*** THE DATA ***

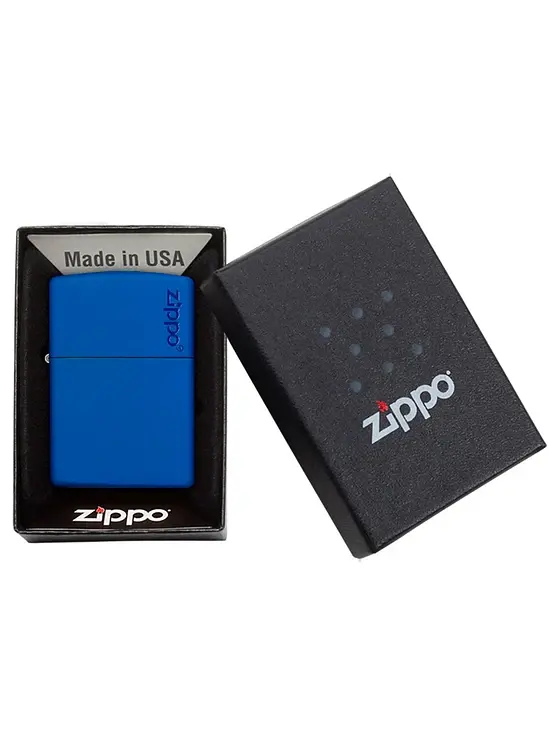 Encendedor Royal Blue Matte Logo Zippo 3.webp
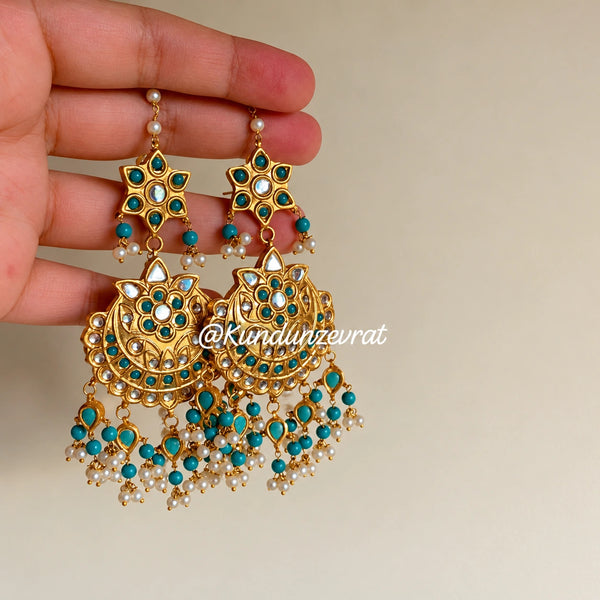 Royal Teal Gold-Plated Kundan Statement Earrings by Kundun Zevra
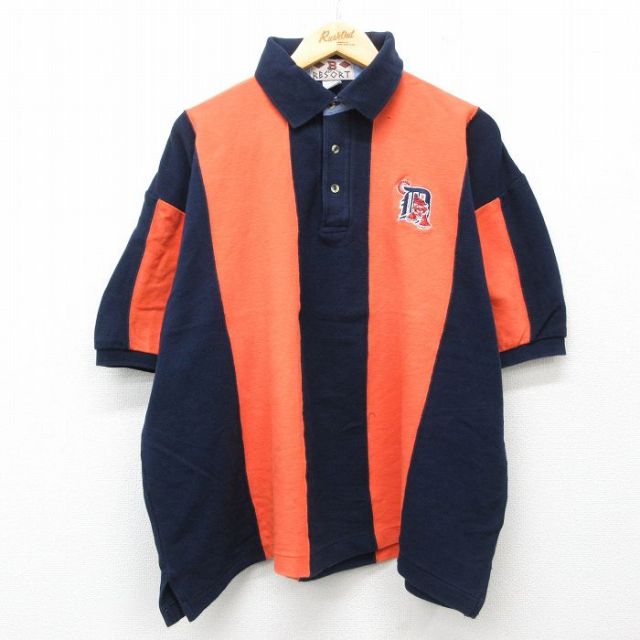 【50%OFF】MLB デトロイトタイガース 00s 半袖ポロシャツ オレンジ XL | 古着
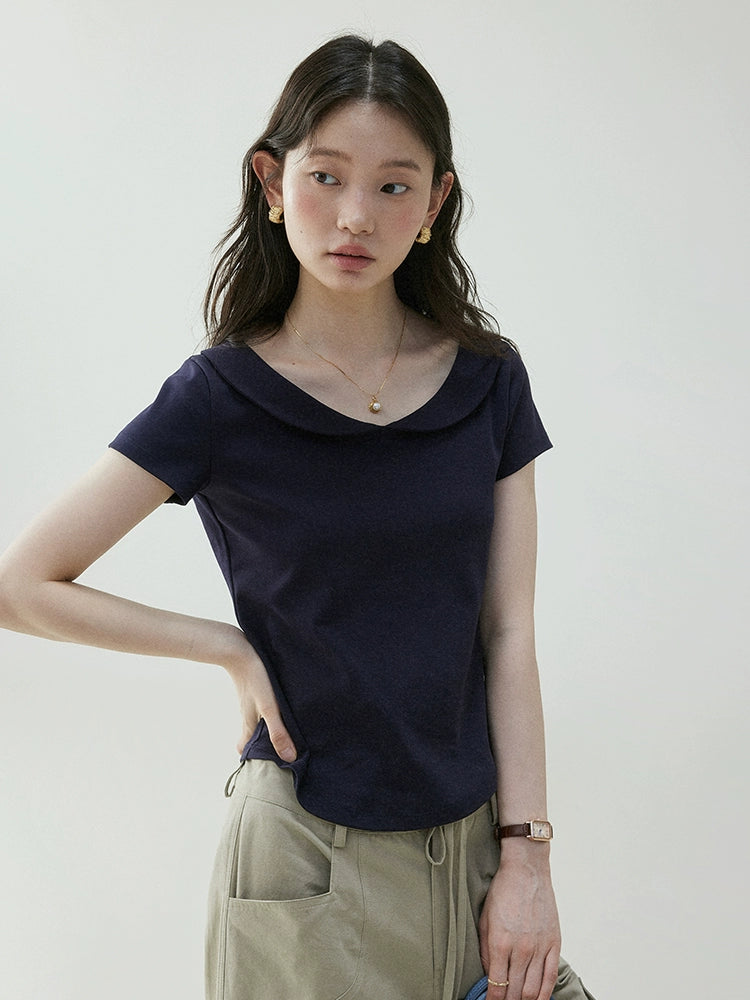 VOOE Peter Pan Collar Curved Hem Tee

*** End of THE DATA ***

#### [EXERCISE REQUIREMENTS]
Wording must stay exact. Give again the lines from the line with "Royal Teal Gold-Plated" through the last line of the listing, both ends included, without pictures.

#### [OUTPUT OF THE EXERCISE]
 Royal Teal Gold-Plated Kundan Statement Earrings by Kundun Zevra
 【50%OFF】MLB デトロイトタイガース 00s 半袖ポロシャツ オレンジ XL | 古着
 VOOE Peter Pan Collar Curved Hem Tee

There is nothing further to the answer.